PROBLEM TO WORK ON =
The line with "You can also" marks the first line to copy, and the line with "These will be" marks the last. Transcribe that stretch of the data below exactly, without pictures.

** RECORDS SUPPLIED follows **

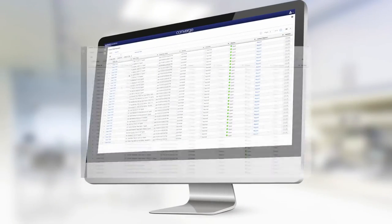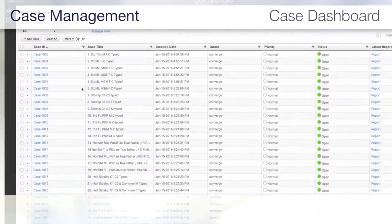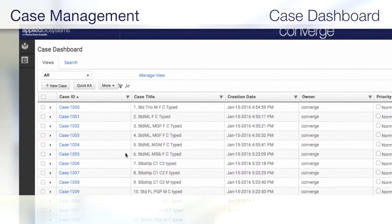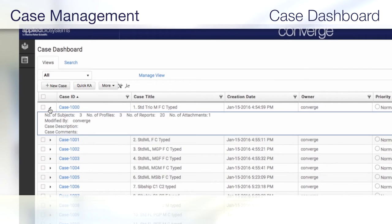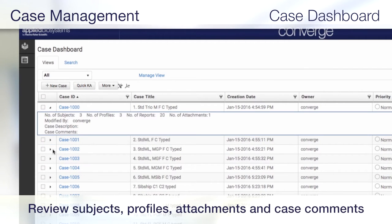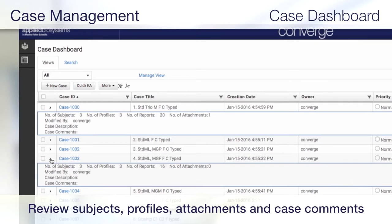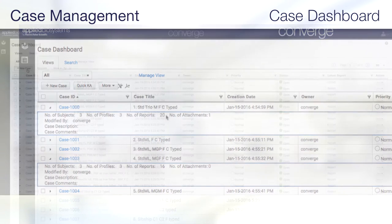With the Case Dashboard, you can review case status and access case reports with ease. See the number of subjects, profiles, and attachments, as well as case comments and descriptions for an at-a-glance overview of any case.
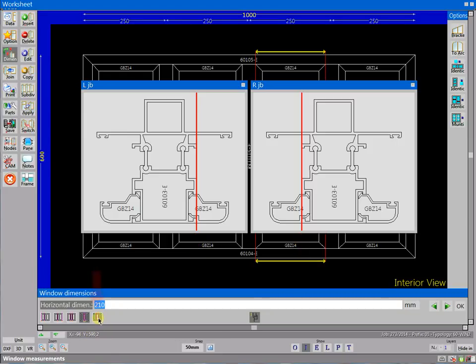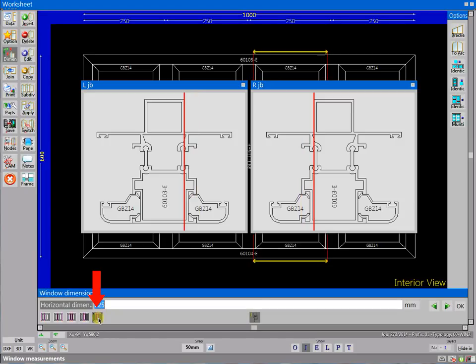You can also review and edit dimensions with the custom reference point within the profile.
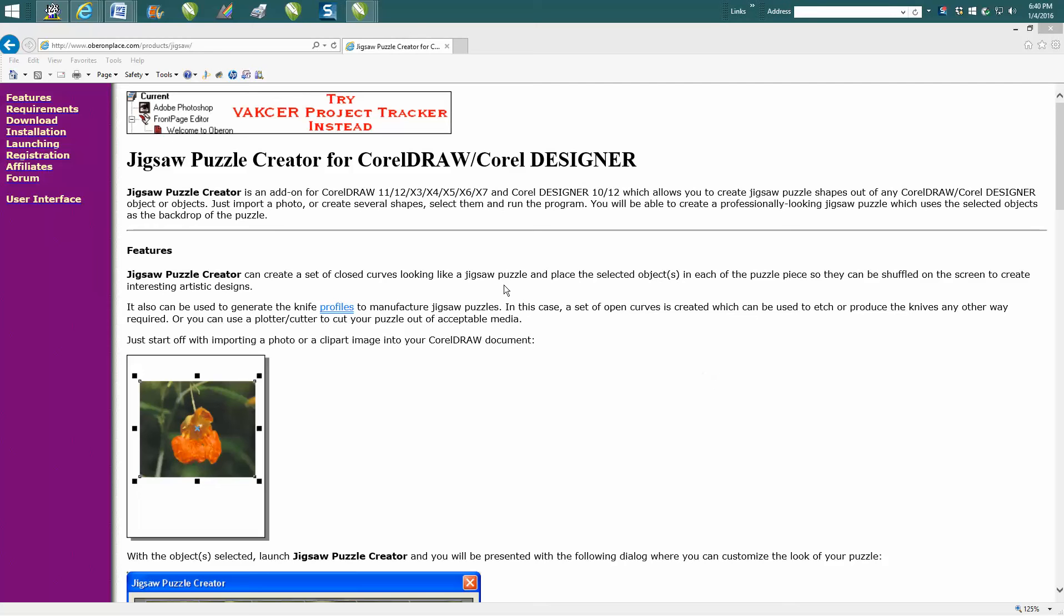Hi, it's me again with CorelDraw Tips and Tricks, and tonight's video is going to be about making a jigsaw puzzle out of a photograph.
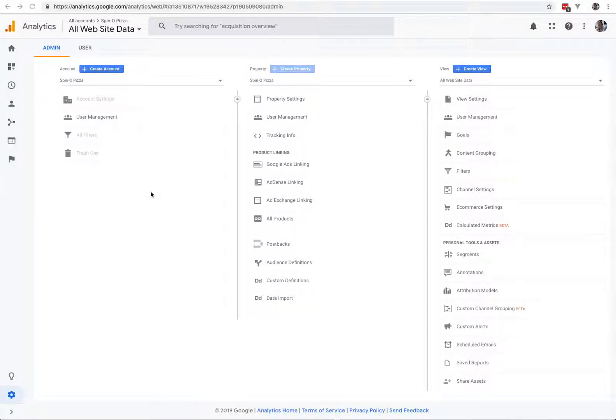Alright, so here's the proper way to set up Google Analytics. First off, whenever you add me, make sure I have all the permissions. Right now I don't have all the permissions, so I need that.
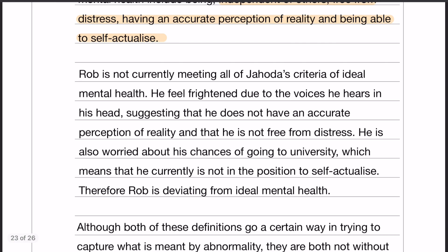Rob is currently not meeting all of Jahoda's criteria of ideal mental health. He feels frightened because of the voices that he hears in his head, which suggests that he does not have an accurate perception of reality, and he's also not free from distress. He's also worried about his chances of going to university, which means that he's currently not in the position to self-actualize. Therefore, for all of these reasons, Rob is deviating from ideal mental health.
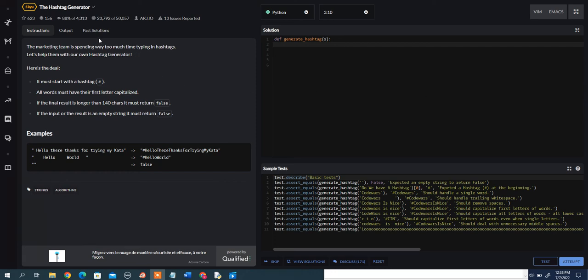In this video, I want to go over the hashtag generator problem on Code Wars. The marketing team is spending way too much time typing in hashtags. Let's help them with our own hashtag generator.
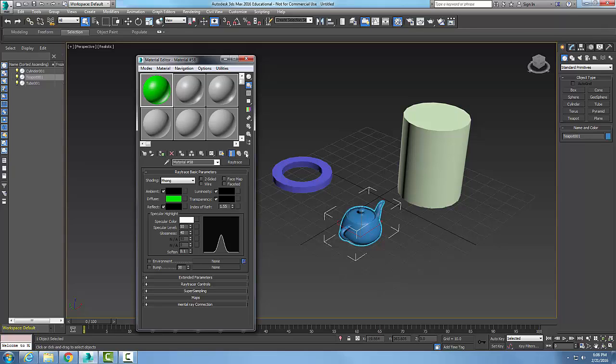These will be active when using certain compound materials, such as composite or blend, so these are only available for this.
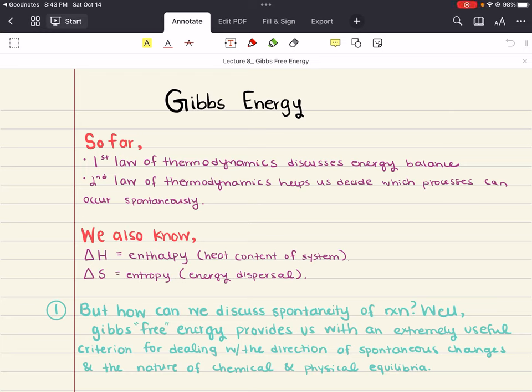Hello everybody, my name is Iman. Welcome back to my YouTube channel. Today we're going to be discussing Gibbs Energy.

** End of RECORDS SUPPLIED **

WRITTEN REPLY =
You can also review and edit dimensions with the custom reference point within the profile.
Hi, it's me again with CorelDraw Tips and Tricks, and tonight's video is going to be about making a jigsaw puzzle out of a photograph.
Alright, so here's the proper way to set up Google Analytics. First off, whenever you add me, make sure I have all the permissions. Right now I don't have all the permissions, so I need that.
Rob is currently not meeting all of Jahoda's criteria of ideal mental health. He feels frightened because of the voices that he hears in his head, which suggests that he does not have an accurate perception of reality, and he's also not free from distress. He's also worried about his chances of going to university, which means that he's currently not in the position to self-actualize. Therefore, for all of these reasons, Rob is deviating from ideal mental health.
In this video, I want to go over the hashtag generator problem on Code Wars. The marketing team is spending way too much time typing in hashtags. Let's help them with our own hashtag generator.
These will be active when using certain compound materials, such as composite or blend, so these are only available for this.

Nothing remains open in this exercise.